Dublin is in the throes of a decade-long housing crisis. In May, a survey by the Dublin Chamber revealed that two out of every three local businesses believe housing shortages impacted their ability to recruit staff. The lack of housing has increased rents by 60% since 2015, compared to 13% across the euro area, according to Eurostat. Transport is another weak area. Dublin is one of the few major cities in Europe without an underground train service and the government’s plan to build one has been delayed until 2035.

Ireland will have to handle its unwanted cash injection with care. But if it spruces up its infrastructure it may be able to keep the Apple and other companies from going sour on the country.


Follow @aimeedonnellan on X


CONTEXT NEWS

Apple on Sept.10 lost its fight against an order by European Union competition regulators to pay 13 billion euros ($14.4 billion) in back taxes to Ireland. The ruling by the European Court of Justice is a landmark decision in the EU’s crackdown against sweetheart fiscal deals between member states and multinationals.

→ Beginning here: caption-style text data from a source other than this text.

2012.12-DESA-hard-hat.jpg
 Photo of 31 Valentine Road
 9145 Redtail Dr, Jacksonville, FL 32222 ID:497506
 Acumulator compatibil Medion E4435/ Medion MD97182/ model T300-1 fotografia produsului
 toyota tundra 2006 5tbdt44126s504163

The European Commission issued the order in 2016, saying that the iPhone maker benefited from two Irish tax rulings for over two decades that artificially reduced its tax burden to as low as 0.005% in 2014.

Apple had said the Commission’s decision defied reality and common sense. Ireland, whose low tax rates have helped to attract Big Tech to set up their European headquarters, had also challenged the EU ruling.

After the ECJ’s ruling, Apple said: "The European Commission is trying to retroactively change the rules and ignore that, as required by international tax law, our income was already subject to taxes in the U.S."

The decision is final and cannot be appealed.